In this course, we will develop an understanding of masculinity as a construct which varies in time and space, and is constantly (re)shaped by such factors as race, class, and sexuality. The contexts of the colonial encounter and its postcolonial aftermath will set the stage for our examination of the ways in which social, political, economic, and cultural factors foster the production of specific masculinities. Texts include Achebe’s Things Fall Apart, Conrad’s Heart of Darkness, Lafferiere’s How to Make Love to a Negro, and additional writings by Irish, Indian, and Australian authors. Our study will be organized around the questions of the production of hegemonic and subaltern masculinities, the representation of the colonial and postcolonial male body, the militarization of masculinity, and the relation between masculinity and nationalism. Theoretical material on masculinities will frame our readings. Dist: LIT.
With special emphasis on the speeches and public work of Martin King, this course will consider how black religious culture, practices, and institutions helped to shape the black freedom movement of the 1950s and 60s. We will explore other figures including Fannie Lou Hamer, James Baldwin, and Malcolm X and consider how they shaped and challenged the role Afro-Protestant culture had in determining the moral language and political strategies associated with the Civil Rights Movement. Open to sophomores, juniors, and seniors, and to first-year students by permission. Dist: SOC; WCult: CI.
This course proposes to examine literature written by US citizens of African and Spanish- Caribbean ancestry. This growing group of writers represents new perspectives that are challenging while broadening the scope, definition and imaginary conception of “American literature,” specifically in North America. Laden with neo-cartographies of the home-space, the works of writers such as Marta Vega, Loida Maritza Perez, and Nelly Rosario challenge institutionalized notions of space, place, location, home, nation, culture, citizenship and identity. Dist: LIT.
In this advanced seminar we will closely examine a substantial selection of Douglass’s writings: all three autobiographies, his novella, and significant speeches and essays. Ad-ditional readings in literature, history, and literary theory will help students to contextualize the aesthetic, philosophical, and socio-political significance of Douglass’ contribution to nineteenth-century transnational abolitionism and evolving notions of black identity and American citizenship. Although we will strive for a nuanced understanding of Douglass’s iconic stature in the nineteenth century, we will end by considering Douglass’s legacy in the age of Obama. Dist: LIT.
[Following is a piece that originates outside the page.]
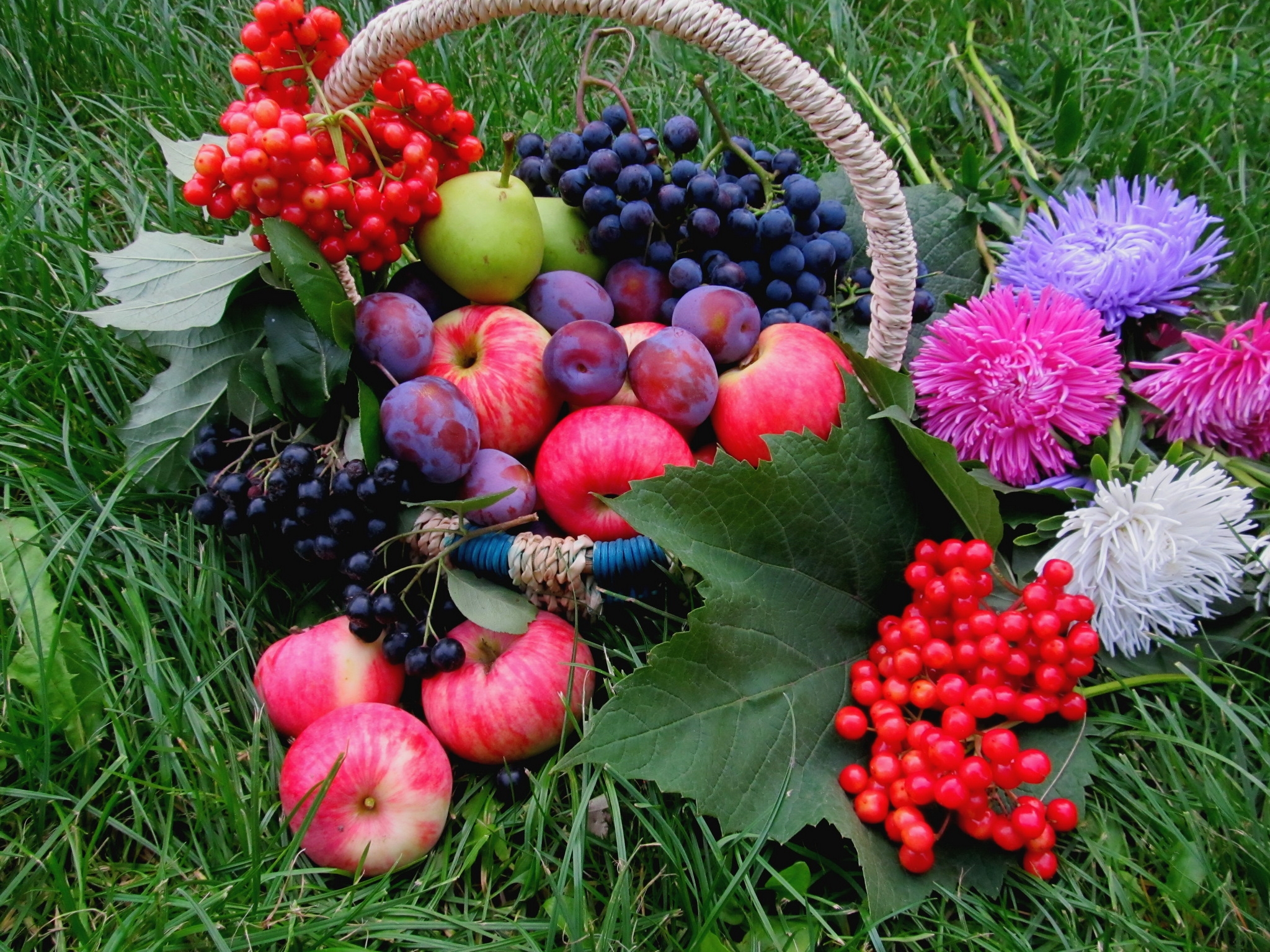 78323 скачать обои трава, яблоки, цветы, слива, еда - заставки и картинки бесплатно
Available to students who wish to independently explore aspects of African and African American Studies which are not included in courses currently offered at Dartmouth. Open to qualified students with permission of the course instructorand the Chair. (Obtain Proposal Form in the program office.) No student may take more than two such courses without the approval of the program. Open to sophomores, juniors, and seniors.
For senior African and African American Studies majors toward the culminating experience, with permission of selected instructor and the Chair. (Obtain Proposal Form in the program office.)
The honors student will pursue the project under guidance of selected faculty member and with permission of the Chair. See "A Guide to Honors in African and African American Studies" in the program office.